* REQUIRED WORK
In full and without alteration, write out the data below.

* SUPPLIED INFORMATION
- - - - -

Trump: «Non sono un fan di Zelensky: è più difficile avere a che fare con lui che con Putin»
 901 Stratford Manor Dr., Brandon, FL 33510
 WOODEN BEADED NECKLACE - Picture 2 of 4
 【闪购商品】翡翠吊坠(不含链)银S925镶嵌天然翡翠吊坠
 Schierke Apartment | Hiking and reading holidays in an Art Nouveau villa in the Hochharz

- - - - -

* FINISHED EXERCISE
Trump: «Non sono un fan di Zelensky: è più difficile avere a che fare con lui che con Putin»
 901 Stratford Manor Dr., Brandon, FL 33510
 WOODEN BEADED NECKLACE - Picture 2 of 4
 【闪购商品】翡翠吊坠(不含链)银S925镶嵌天然翡翠吊坠
 Schierke Apartment | Hiking and reading holidays in an Art Nouveau villa in the Hochharz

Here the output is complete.